Commitment and Focus: 2016's Goals

 Writing out my goals at the beginning of the year has allowed me to stay focused. Before I accept or consider a new client or project, I look back at my goals and ask whether working on this project will help me get closer to meeting my 2016 goals.

Writing out my goals at the beginning of the year has allowed me to stay focused. Before I accept or consider a new client or project, I look back at my goals and ask whether working on this project will help me get closer to meeting my 2016 goals.

One of the things I committed myself to doing this year was to focus on my five “top goals”. We all talk about things we want to accomplish in addition to our regular commitments, whether it’s work with our clients, regular assignments from our editors or our involvement with the community. The reality is that we’re already busy so how do we gain the bandwidth to add yet another things to our already-overloaded “to do” list? We can’t – unless we plan for it and make time for it.

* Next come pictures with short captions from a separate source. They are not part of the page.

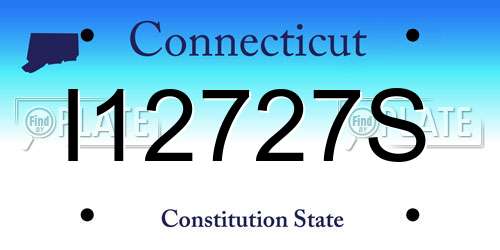 I12727S Connecticut License Plate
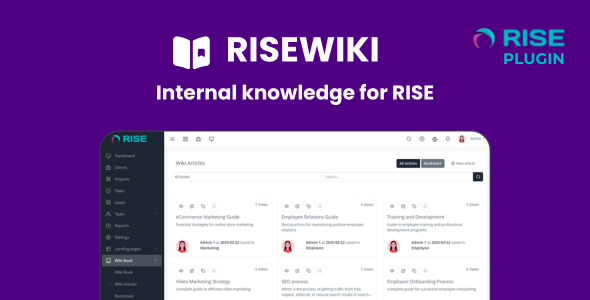 RiseWiki v1.0.1 – RISE 的内部知识PHP源码下载
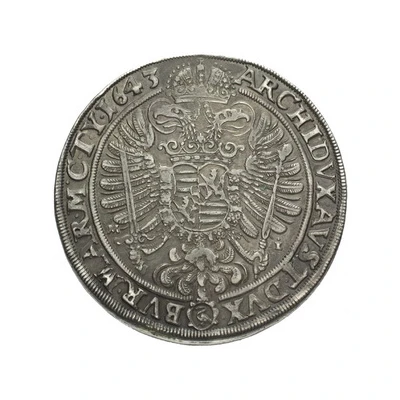 1 Thaler - Ferdinand III Breslau back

Last year was such a professionally and personally-rewarding year for me. I stretched, reached and proved to myself that I had what it took to make things happen. Things that I’d be working on for years finally seemed to fall into place. I don’t believe in luck. I believe that things happen when you plan for them. Maybe not immediately but eventually, when you work at it, they do.

In December, I decided to hire a business coach to help me synthesize and focus my goals for 2016. She helped me realize that I don’t need to do everything in 12 months. Rather than 9 goals, we pulled them back to 5 goals. The others would be pushed to the following year. Notice I didn’t abandon them – we just put them on the backburner (she calls it the parking lot) so we could focus on just 5 for this year.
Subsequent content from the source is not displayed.